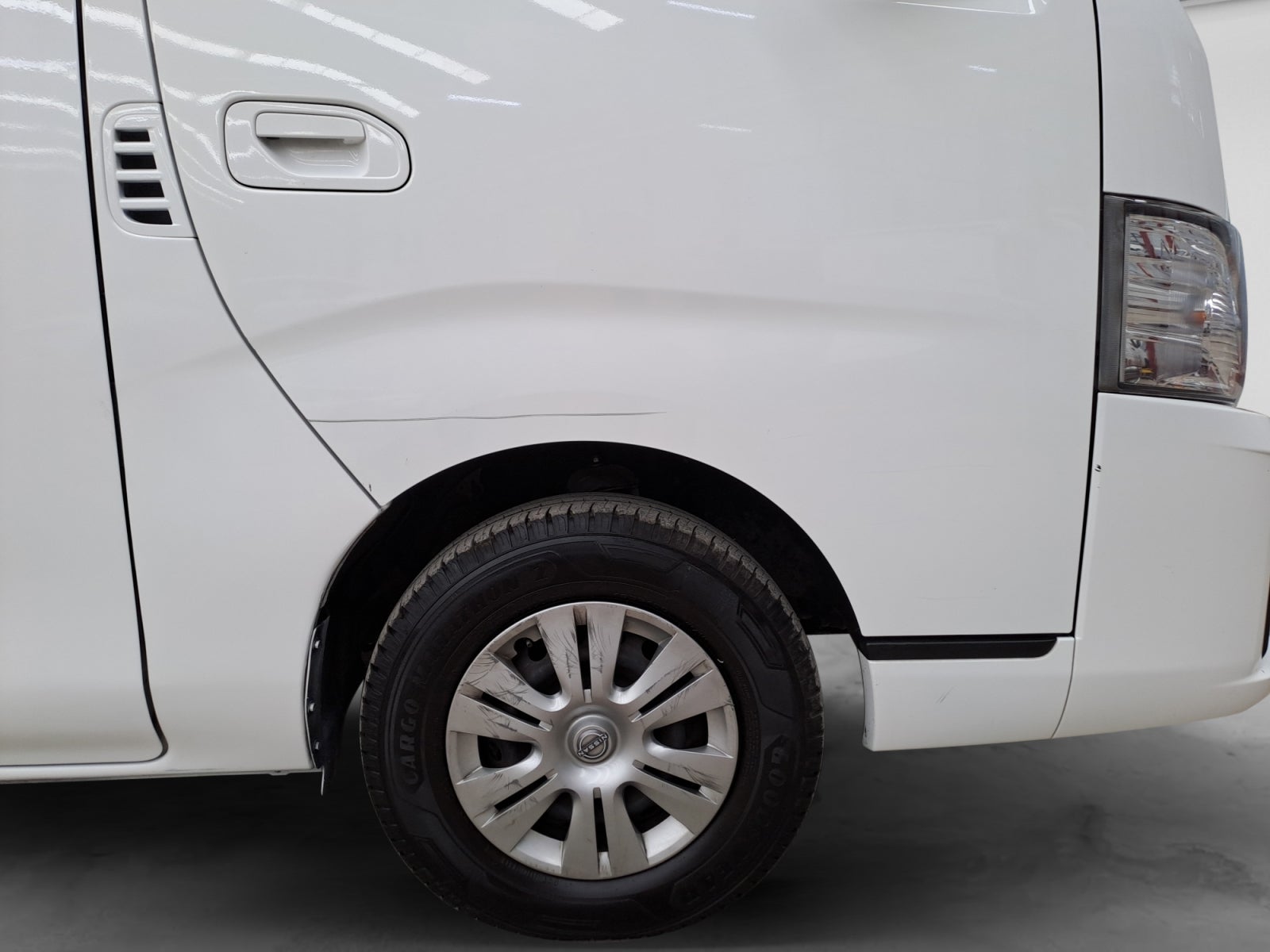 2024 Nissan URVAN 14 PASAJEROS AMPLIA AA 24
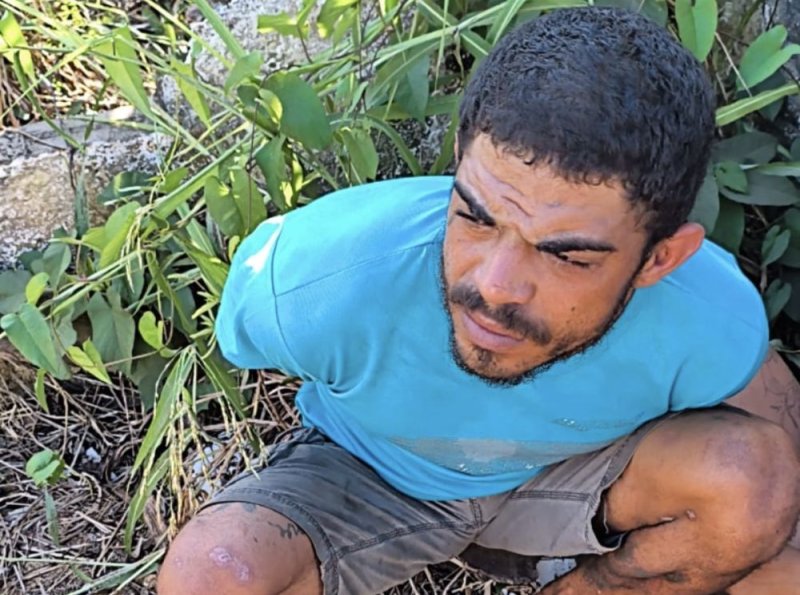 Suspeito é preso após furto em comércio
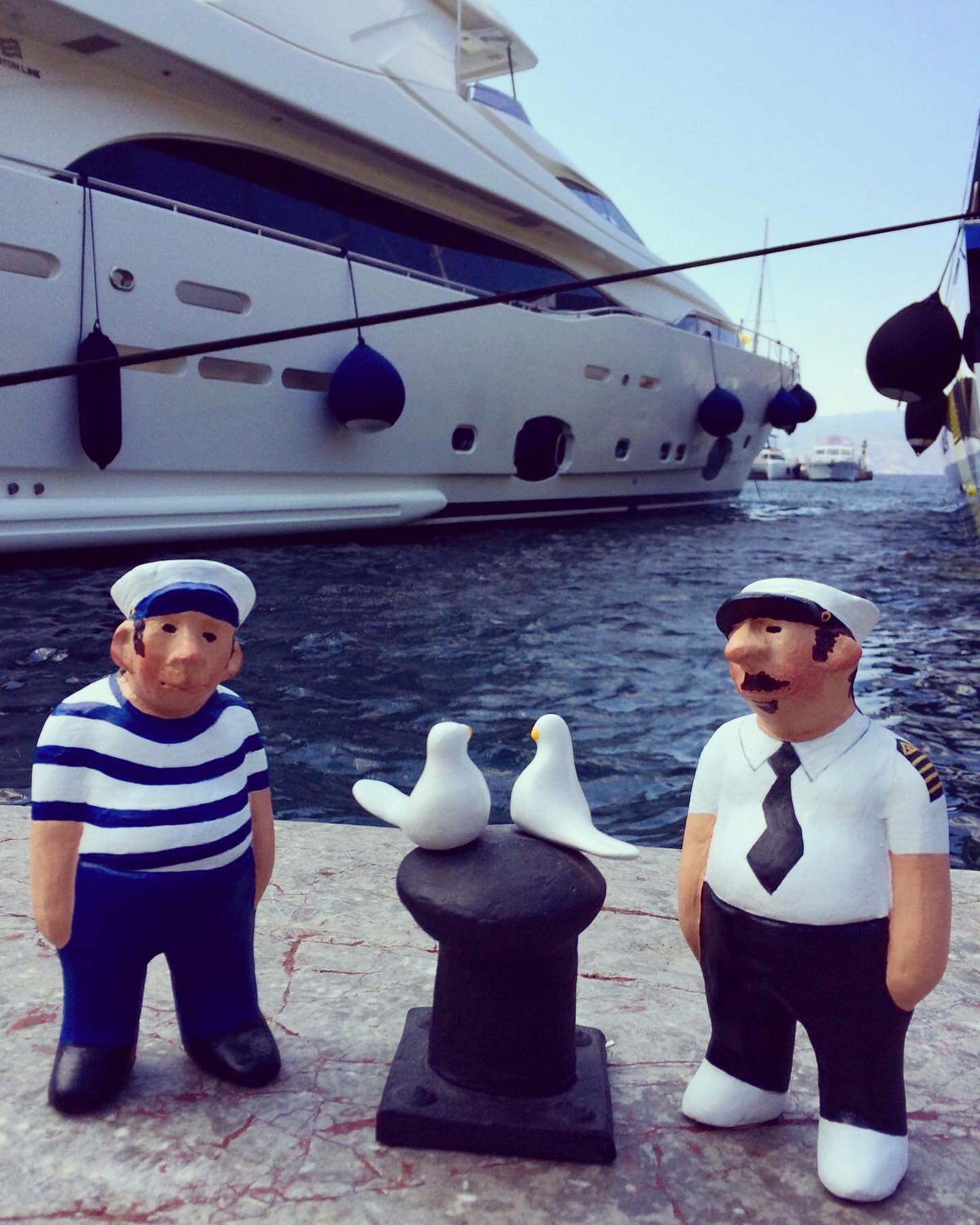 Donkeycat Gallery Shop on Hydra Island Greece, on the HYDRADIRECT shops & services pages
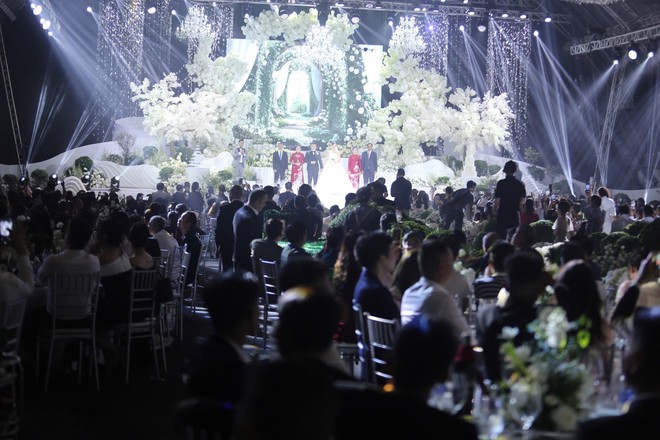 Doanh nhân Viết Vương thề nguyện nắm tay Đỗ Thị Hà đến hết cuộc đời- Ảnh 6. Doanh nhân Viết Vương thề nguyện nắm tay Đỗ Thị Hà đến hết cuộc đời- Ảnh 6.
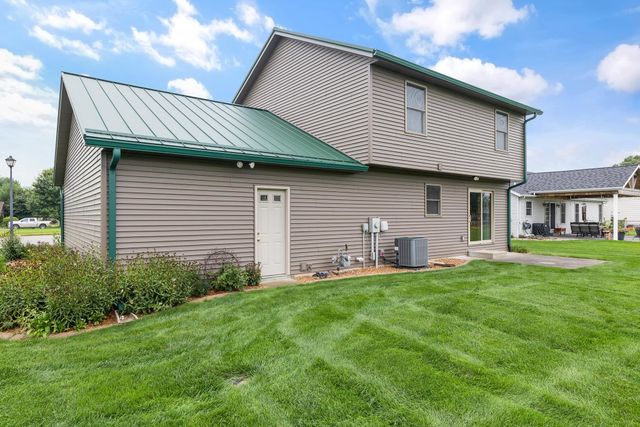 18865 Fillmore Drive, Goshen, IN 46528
----------------
The answer must be an exact copy of the lines from the one containing "Ảnh 6. Doanh" through the last line of the records, with no pictures included.

 Doanh nhân Viết Vương thề nguyện nắm tay Đỗ Thị Hà đến hết cuộc đời- Ảnh 6. Doanh nhân Viết Vương thề nguyện nắm tay Đỗ Thị Hà đến hết cuộc đời- Ảnh 6.
 18865 Fillmore Drive, Goshen, IN 46528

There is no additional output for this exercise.